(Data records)
**********
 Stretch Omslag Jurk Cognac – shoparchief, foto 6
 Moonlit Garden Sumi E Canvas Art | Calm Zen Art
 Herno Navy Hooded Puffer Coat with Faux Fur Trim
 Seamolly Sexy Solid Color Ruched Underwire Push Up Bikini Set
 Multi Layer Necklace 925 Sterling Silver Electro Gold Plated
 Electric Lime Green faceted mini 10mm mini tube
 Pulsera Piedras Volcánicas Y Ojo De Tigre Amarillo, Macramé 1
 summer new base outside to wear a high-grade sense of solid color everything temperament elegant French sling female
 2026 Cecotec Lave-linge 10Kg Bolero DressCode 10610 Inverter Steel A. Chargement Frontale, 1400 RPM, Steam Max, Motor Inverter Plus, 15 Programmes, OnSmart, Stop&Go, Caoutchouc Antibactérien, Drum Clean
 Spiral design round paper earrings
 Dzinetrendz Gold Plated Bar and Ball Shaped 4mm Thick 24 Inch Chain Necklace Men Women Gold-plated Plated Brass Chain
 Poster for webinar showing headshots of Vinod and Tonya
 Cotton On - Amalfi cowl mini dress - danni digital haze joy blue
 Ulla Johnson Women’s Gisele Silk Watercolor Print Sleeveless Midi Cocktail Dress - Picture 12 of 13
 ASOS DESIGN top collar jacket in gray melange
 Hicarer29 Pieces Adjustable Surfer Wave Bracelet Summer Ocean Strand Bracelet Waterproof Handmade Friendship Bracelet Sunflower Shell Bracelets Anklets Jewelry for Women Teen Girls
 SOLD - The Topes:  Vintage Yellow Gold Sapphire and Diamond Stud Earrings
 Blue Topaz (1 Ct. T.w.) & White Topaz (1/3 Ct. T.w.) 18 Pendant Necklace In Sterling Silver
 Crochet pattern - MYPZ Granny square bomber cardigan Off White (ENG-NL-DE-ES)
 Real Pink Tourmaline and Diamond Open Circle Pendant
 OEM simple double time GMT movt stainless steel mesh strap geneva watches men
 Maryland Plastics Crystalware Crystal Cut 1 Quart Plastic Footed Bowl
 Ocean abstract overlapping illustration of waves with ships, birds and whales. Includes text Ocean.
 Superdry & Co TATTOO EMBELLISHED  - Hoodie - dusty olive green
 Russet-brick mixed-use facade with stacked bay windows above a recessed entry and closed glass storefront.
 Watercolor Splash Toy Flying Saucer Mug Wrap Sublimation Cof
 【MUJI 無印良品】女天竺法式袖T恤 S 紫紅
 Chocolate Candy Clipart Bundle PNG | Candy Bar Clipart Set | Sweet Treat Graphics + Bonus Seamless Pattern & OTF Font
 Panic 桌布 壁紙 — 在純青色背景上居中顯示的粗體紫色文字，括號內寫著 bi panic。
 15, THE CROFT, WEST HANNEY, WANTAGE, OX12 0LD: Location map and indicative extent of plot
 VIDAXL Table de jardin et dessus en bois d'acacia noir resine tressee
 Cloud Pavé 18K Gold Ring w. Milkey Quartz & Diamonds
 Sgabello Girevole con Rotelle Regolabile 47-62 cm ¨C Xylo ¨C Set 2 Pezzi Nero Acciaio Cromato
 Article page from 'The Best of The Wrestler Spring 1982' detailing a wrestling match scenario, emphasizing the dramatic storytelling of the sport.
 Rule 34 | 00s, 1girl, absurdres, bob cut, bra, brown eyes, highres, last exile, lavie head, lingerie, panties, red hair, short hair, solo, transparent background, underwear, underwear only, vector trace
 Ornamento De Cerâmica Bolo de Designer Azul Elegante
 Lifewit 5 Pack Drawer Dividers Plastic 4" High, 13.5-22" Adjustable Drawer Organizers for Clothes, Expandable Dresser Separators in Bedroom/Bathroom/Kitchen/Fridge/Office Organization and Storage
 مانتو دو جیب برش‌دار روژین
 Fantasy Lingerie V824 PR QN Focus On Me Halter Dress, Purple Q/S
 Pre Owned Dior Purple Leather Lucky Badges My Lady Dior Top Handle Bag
**********
Look above for the line containing "Cloud Pavé 18K". Output from there through the line containing "Lifewit 5 Pack", exactly and inclusively.

Result of the task.
 Cloud Pavé 18K Gold Ring w. Milkey Quartz & Diamonds
 Sgabello Girevole con Rotelle Regolabile 47-62 cm ¨C Xylo ¨C Set 2 Pezzi Nero Acciaio Cromato
 Article page from 'The Best of The Wrestler Spring 1982' detailing a wrestling match scenario, emphasizing the dramatic storytelling of the sport.
 Rule 34 | 00s, 1girl, absurdres, bob cut, bra, brown eyes, highres, last exile, lavie head, lingerie, panties, red hair, short hair, solo, transparent background, underwear, underwear only, vector trace
 Ornamento De Cerâmica Bolo de Designer Azul Elegante
 Lifewit 5 Pack Drawer Dividers Plastic 4" High, 13.5-22" Adjustable Drawer Organizers for Clothes, Expandable Dresser Separators in Bedroom/Bathroom/Kitchen/Fridge/Office Organization and Storage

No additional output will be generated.